Example: Row-based window frame
The following query returns players that are partitioned by teams and ordered by the number of points. Within each partition, the number of points for the player and the previous player are averaged:
SELECT team, player, points,
AVG(points) OVER(PARTITION BY team ORDER BY points
ROWS 1 PRECEDING AND CURRENT ROW) AS olap_avg
FROM points;
TEAM PLAYER POINTS OLAP_AVG
A Singh 7 7.00000000000
A Smith 14 10.50000000000
B Osaka 8 8.00000000000
B Ricci 12 10.00000000000
B Baxter 18 15.00000000000
C Chun 13 13.00000000000
D Kwan 9 9.00000000000
D Tran 16 12.50000000000
Example: Range-based window frame
The following query returns players that are partitioned by teams and ordered by age. Within each partition, the number of points for each player and any player who is up to 9 years older is averaged:
SELECT player, age, team, points,
AVG(points) OVER(PARTITION BY team ORDER BY age
RANGE BETWEEN CURRENT ROW AND 9 FOLLOWING) AS olap_avg
FROM points_age;
PLAYER AGE TEAM POINTS OLAP_AVG
Singh 25 A 7 10.50000000000
Smith 26 A 14 14.00000000000
Baxter 27 B 18 13.00000000000
Osaka 35 B 8 10.00000000000
Ricci 40 B 12 12.00000000000
Chun 21 C 13 13.00000000000
Kwan 22 D 9 12.50000000000
Tran 31 D 16 16.00000000000
In partition A, the average for Singh includes the points for Smith, because Smith is one year older than Singh. The average for Smith does not include the points from Singh, because Singh is younger than Smith.
In partition B, the average for Baxter includes the points for Osaka, who is 8 years older than Baxter, but not for Ricci, who is 13 years older than Baxter.
In partition D, the average for Kwan includes the points for Tran, because Tran is 9 years older than Kwan.

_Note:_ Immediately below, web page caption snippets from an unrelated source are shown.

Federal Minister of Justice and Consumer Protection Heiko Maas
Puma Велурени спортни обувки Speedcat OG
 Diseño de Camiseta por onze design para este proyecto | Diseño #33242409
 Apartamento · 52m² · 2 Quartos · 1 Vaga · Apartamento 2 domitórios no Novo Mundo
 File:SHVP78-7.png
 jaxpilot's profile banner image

Example: Window frame without the current row
The following query calculates the average number of points for the preceding two rows in the partition:
SELECT player, age, team, points,
AVG(points) OVER(PARTITION BY team ORDER BY age
ROWS BETWEEN 2 PRECEDING AND 1 PRECEDING) AS olap_avg
FROM points_age;
PLAYER AGE TEAM POINTS OLAP_AVG
Singh 25 A 7 NULL
Smith 26 A 14 7.00000000000
Baxter 27 B 18 NULL
Osaka 35 B 8 18.00000000000
Ricci 40 B 12 13.00000000000
Chun 21 C 13 NULL
Kwan 22 D 9 NULL
Tran 31 D 16 9.00000000000
In partition B, the average for Ricci is based on the points totals for Baxter and Osaka: (18 + 8 = 26)/2 = 13. When the current row has no preceding rows to use for the calculation, the result is NULL.